Ohio, which has many older, coal-burning electric power plants, will be among
the states hardest hit by the Environmental
Protection Agency's final regulations for an anti-smog program.
The new rules affect 22 states and the District of Columbia, and the EPA
estimates they will cost $ 1.7 billion a year to implement.
Americans may pay up to $ 1 a month more in their electric
bills, Browner said, but 138 million people living in the eastern United States
will breathe cleaner air. About 31 million of them will - for the first time -
breathe air that meets a
smog standard approved last year, she said.
Also, the regulations represent the first federal effort to reduce the
transport of wind-borne, smog-producing ozone across state lines, Browner said.
''This action will help prevent thousands of cases of smog-related illnesses,
like bronchitis and exacerbated cases of childhood asthma each year. This plan
has
real benefits for real people,'' she said.
Ohio EPA officials and representatives of Columbus-based American Electric
Power said the new rules were too costly, the deadlines impractical and the
benefits to public health not as great as they could be for the money. American
Electric Power is one of the nation's largest power
producers.
States can decide how to make the cuts, but the most likely targets are
coal-burning power plants and other large industrial sources. In Ohio,
utilities will have to cut emissions by 85 percent and most would have to
install expensive technology to do it, said John
McManus, manager of environmental strategy and planning at American Electric
Power.
The EPA estimates it will cost $ 1,500 a ton to reduce smog at the smokestack,
compared with $ 2,000 to $ 10,000 a ton for other alternatives such as
controlling pollutants from automobile tailpipes. McManus argues, however, that
the
agency is ignoring that smog is generally an urban problem, and many power
plants are in remote areas.
''They're determining cost-effectiveness by the ton, not by what it costs to
achieve an air-quality benefit,'' he said.

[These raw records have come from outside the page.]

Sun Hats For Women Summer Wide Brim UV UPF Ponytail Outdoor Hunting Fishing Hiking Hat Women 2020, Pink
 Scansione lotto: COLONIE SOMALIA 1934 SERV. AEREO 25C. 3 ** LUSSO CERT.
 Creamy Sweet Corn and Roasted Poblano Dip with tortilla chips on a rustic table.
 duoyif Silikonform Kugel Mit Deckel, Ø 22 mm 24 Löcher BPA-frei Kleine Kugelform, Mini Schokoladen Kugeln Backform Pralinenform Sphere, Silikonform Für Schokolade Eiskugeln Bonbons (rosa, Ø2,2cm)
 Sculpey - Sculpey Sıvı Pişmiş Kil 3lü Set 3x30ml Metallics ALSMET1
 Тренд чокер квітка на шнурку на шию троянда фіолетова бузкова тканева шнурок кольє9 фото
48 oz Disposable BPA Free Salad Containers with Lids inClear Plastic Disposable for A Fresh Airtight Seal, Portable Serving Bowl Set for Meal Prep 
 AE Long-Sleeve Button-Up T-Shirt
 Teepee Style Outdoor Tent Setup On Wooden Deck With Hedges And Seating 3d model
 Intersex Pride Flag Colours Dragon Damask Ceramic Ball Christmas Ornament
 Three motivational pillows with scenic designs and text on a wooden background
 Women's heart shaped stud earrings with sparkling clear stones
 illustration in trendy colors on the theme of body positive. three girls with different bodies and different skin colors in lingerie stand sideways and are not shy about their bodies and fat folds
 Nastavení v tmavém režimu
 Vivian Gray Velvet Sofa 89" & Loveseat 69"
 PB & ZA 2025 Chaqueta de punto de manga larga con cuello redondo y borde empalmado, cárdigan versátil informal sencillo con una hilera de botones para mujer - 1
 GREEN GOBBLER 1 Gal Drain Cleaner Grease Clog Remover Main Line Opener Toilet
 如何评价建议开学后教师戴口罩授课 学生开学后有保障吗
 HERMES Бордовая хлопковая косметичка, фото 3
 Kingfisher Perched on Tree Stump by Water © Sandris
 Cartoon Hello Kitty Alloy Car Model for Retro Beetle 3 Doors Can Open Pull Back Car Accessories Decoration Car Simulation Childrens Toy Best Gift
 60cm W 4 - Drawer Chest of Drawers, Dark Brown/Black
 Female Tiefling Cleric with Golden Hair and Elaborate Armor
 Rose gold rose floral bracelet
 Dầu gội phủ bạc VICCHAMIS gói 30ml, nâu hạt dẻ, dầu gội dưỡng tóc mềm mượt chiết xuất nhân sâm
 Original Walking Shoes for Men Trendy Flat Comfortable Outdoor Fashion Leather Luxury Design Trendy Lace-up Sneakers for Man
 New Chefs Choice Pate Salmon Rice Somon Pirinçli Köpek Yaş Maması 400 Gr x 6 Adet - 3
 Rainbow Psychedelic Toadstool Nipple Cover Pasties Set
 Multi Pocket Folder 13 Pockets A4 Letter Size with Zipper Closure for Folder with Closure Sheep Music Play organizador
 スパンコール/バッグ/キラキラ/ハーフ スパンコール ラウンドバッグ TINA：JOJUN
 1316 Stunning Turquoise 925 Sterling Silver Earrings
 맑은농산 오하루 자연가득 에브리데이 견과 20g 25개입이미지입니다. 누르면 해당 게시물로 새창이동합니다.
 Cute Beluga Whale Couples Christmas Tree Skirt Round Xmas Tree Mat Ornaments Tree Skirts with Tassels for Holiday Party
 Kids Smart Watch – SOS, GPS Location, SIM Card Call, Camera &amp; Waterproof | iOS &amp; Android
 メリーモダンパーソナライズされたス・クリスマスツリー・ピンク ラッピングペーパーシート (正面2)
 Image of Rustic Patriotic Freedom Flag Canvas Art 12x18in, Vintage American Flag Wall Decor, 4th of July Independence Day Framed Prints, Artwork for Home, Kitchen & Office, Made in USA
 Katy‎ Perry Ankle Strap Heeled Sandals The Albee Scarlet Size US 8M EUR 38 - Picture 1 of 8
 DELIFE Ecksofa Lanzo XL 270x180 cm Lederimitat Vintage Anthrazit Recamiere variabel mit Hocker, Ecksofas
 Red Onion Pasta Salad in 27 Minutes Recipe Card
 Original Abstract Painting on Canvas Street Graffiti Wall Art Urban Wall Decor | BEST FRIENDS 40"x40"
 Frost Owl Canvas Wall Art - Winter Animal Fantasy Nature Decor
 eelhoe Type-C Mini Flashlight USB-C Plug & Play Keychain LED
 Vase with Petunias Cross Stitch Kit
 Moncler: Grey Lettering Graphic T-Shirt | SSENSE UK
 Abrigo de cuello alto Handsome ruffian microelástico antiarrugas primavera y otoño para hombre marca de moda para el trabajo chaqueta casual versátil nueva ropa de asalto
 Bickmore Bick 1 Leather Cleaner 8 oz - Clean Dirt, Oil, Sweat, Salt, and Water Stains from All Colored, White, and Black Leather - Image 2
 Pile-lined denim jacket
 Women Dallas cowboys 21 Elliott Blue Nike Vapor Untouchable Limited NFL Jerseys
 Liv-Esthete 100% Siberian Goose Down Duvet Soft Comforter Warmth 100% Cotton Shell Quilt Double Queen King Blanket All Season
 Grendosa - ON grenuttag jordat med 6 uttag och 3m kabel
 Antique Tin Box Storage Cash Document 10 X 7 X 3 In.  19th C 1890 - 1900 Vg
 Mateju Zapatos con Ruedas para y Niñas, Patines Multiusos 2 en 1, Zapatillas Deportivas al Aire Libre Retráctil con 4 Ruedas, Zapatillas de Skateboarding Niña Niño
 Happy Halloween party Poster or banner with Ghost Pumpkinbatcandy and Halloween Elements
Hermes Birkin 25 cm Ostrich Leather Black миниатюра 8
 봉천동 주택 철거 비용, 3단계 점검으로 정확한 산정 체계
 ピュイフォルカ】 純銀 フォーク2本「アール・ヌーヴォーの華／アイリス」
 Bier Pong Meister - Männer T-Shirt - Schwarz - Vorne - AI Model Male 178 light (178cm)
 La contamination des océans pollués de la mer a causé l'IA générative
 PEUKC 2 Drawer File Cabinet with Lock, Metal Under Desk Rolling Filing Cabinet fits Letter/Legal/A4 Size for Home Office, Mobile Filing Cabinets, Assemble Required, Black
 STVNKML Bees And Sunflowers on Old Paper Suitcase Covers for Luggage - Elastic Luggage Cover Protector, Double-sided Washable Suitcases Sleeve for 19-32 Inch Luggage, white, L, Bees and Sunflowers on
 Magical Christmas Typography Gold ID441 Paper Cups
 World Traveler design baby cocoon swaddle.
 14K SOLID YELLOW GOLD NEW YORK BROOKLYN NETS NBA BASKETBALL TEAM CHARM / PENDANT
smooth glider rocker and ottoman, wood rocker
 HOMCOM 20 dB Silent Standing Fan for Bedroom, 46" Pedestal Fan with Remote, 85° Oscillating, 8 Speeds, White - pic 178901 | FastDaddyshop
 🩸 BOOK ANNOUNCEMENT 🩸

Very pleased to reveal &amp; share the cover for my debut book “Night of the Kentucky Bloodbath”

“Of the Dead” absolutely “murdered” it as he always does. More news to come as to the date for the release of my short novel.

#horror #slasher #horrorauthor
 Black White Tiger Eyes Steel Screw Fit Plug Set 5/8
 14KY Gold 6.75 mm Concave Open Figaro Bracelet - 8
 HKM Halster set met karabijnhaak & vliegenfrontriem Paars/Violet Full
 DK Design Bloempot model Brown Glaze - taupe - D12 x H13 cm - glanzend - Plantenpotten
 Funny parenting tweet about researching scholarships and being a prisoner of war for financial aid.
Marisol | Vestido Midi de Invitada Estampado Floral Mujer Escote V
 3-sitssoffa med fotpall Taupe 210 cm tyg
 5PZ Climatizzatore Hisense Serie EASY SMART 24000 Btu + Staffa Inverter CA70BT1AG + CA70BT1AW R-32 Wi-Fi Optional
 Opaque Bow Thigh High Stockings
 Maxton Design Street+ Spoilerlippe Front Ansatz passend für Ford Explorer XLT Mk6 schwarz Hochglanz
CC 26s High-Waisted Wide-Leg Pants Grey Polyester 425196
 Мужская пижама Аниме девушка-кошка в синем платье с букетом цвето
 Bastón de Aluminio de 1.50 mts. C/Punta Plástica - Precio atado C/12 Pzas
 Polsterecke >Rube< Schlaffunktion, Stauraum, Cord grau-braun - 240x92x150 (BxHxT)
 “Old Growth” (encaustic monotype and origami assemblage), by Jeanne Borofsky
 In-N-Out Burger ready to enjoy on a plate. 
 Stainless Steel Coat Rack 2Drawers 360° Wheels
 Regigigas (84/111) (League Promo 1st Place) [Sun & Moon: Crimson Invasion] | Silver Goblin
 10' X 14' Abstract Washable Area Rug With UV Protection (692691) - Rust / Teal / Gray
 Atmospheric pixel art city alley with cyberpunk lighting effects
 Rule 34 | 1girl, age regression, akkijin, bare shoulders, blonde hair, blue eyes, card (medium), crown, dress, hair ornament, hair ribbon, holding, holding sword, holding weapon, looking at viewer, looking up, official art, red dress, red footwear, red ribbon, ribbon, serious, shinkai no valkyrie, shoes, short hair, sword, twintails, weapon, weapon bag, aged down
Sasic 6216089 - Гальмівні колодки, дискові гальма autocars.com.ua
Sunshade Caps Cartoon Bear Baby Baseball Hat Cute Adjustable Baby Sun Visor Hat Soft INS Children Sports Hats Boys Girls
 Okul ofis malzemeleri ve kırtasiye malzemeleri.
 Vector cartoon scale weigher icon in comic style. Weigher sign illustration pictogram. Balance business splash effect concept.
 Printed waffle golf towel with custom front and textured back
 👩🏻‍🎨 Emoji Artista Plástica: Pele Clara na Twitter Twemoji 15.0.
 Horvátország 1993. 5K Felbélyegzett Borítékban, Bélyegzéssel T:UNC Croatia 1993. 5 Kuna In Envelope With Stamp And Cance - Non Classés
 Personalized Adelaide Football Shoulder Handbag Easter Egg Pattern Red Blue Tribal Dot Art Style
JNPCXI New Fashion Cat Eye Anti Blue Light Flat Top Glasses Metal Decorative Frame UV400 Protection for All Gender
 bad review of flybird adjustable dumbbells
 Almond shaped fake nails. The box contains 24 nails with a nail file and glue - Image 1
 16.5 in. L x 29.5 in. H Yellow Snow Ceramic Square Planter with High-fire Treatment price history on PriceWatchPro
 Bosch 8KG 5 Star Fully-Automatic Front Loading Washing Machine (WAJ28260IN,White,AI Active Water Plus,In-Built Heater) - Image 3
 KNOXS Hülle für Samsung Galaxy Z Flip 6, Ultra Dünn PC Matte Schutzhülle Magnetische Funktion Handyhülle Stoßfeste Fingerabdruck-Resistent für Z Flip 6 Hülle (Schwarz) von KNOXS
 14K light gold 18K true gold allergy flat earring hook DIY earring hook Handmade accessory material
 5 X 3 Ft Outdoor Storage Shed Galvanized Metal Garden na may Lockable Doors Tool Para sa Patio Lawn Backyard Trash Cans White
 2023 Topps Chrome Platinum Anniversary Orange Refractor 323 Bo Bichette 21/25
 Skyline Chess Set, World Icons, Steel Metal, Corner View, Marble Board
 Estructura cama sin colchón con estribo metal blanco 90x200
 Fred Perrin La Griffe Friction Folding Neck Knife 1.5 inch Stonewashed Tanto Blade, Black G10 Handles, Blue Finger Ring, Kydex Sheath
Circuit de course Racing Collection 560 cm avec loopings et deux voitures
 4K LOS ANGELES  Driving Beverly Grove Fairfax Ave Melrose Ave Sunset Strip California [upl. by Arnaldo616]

Environmentalists, however, said Ohioans would both pay more and
benefit more.
''This is a major step toward improving air quality in Ohio,'' said Kurt
Waltzer, a spokesman for the Ohio Environmental Council. ''If we reduce power
plant emissions by 85 percent, we'll reduce our ozone (smog) days by 97
percent.
Since May, we've seen 40 days in Ohio when we exceeded federal air quality
standards.''
Overall, the regulations will reduce nitrogen oxide emissions by 1.1 million
tons a year, or 28 percent, by 2007. But the controls to cut these emissions
must be
in place by 2003.
Ohio will need to reduce its emissions of smog-producing nitrogen oxide by 36
percent by 2003. Ohio and Indiana must make the second-largest reduction among
the states covered by the regulations. West Virginia has to cut its emissions
by
51 percent.
Browner said the EPA's cost-benefit analysis showed that the regulations will
cost $ 1.7 billion a year but that the benefits from cleaner air are worth $
3.4 billion a year.
''I am very disappointed that the federal EPA has once again chosen a heavy-handed, punitive approach over sound science and
reasonable regulation,'' Gov.
George V. Voinovich said in a statement.
The alternative proposal by Ohio and five other Midwestern states would have
made some cuts in power plant emissions but would have looked for other
sources of smog as well, said Robert Hodanbosi, chief of the Ohio EPA's
division of air pollution control.
Hodanbosi said the state has only a year to develop a plan to meet the standard
and ''I don't know if we can do such a large control program in a year.''
States that don't meet clean-air standards face sanctions from the U.S. EPA
that can include a ban on new industry emission permits and a loss of federal
highway dollars. Hodanbosi said the state, the utilities and any other affected
party could challenge the rules in
court.
The U.S. EPA did agree to some changes to its original proposal:
The initial regulations likely would have required some pollution controls on
13,000 businesses or pollution sources. The final rule instead probably will
cover about 1,000 power plants and large industrial plants throughout the
United
States.
States also were given more flexibility to decide how to meet their targets,
and the EPA also extended the deadline slightly.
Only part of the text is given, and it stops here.